I especially love the giant flag cake.
It’s a big deal when the cake arrives. It arrives on its own special car, at the end of a parade of old-fashioned cars, and is big enough to feed several hundred patriots.
There’s something special about celebrating the place where you live. It’s a small portion of a day where one can proudly say “this place is a good place to live. And for that, I’m thankful.” This is what we call patriotism.
Patriotism: The academic edition
In our current reality, patriotism has become closely intertwined with images of battle, conflict, and supporting our troops. Being a patriot conjures up images of flags waving in the background, with immaculately-trained troops going to battle against an invisible enemy. I can admit it, I’m a war aficionado.
Given the choice of learning about history, or the history of warfare, I’d default to the latter. I enjoy learning about the weaponry and the political maneuverings of warring states. I’ve even spent time in Israel studying the details of modern and historical warfare. Not that I’m a gun nut (or even remotely so), but the details of history are fascinating to me.
Call me a war geek.
It’s not my fault, really. As a young child of about eight, my brother and I discovered my grandfather’s naval uniform in a trunk, tucked away in the basement of his house. Inside this trunk were things we had never seen in real life. A naval uniform, complete with a hat, sat neatly folded in the bottom of the trunk. A few bullets, the size we had never seen, had been collected. There were newspaper clippings of men in uniform standing aboard a ship, saluting perfectly.
It was as if we had stumbled across a family treasure. What had my grandfather done while in this very uniform? What lands had it seen? What sort of battles had it been a witness to? How had my grandfather felt while he was wearing this uniform?

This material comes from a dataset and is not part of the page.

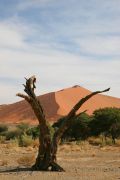 0IMG_8983
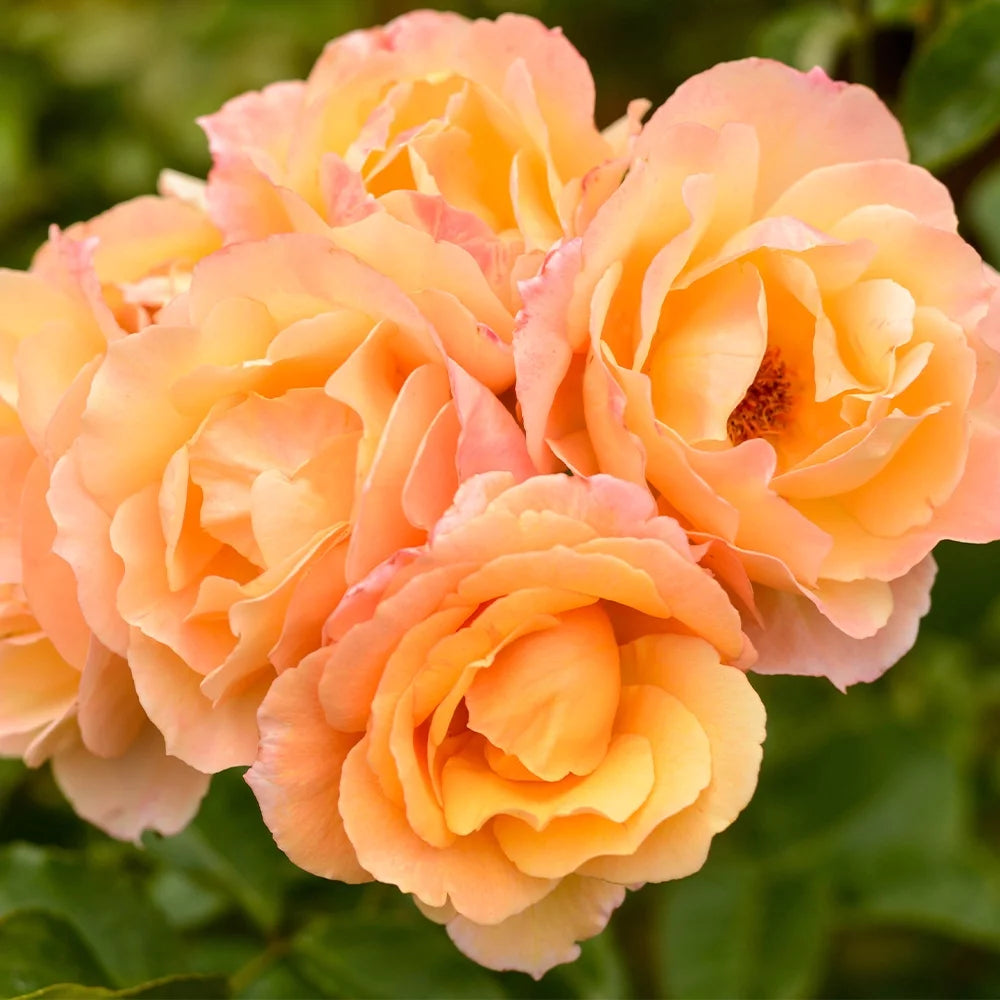 English Rose Plant C744315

It wasn’t until later in life that I rediscovered this passion for history. In university, I was forced to take a class called The Violent Century: a Look at Historical Warfare. I begrudgingly sat for three hours as a professor ranted about the details of modern combat between nations. However, as the semester wore on, there was a growing problem.
I was hooked.
The brilliance of my professor was found in his recounting of the historical record. It wasn’t about dates. It wasn’t about accomplishments. It was about the humanity behind the history. What were soldiers thinking when they first donned their gas masks and engaged the enemy? What kind of emotions took hold when a fellow soldier was killed by an invisible sniper? How did it feel to live in the trenches of the Second World War? Even more recently, how does our country engage in conflict and how does it affect the family life of soldiers?
My experience with guns and conflict and war have been limited to two venues: an exercise in academics and through the lens of CNN. I am limited to the snapshots of war – another soldier killed, a military exercise over there, a soldier returning home.
Patriotism: The human edition
I recently had the experience of encountering a soldier in full uniform. On the news that night, I had seen that one battalion had returned home after serving on a tour in Afghanistan. Immediately, I wanted to approach him and thank him for what he had done for my country. I mean, when we’re talking about patriotism, these people are on the front lines of the definition.
Being a patriot is literally defined as one who loves and defends his or her country. Regardless of your opinions on the current wars raging across our world, there are men and women, fellow human beings, fighting in the wars that we watch on our television screens.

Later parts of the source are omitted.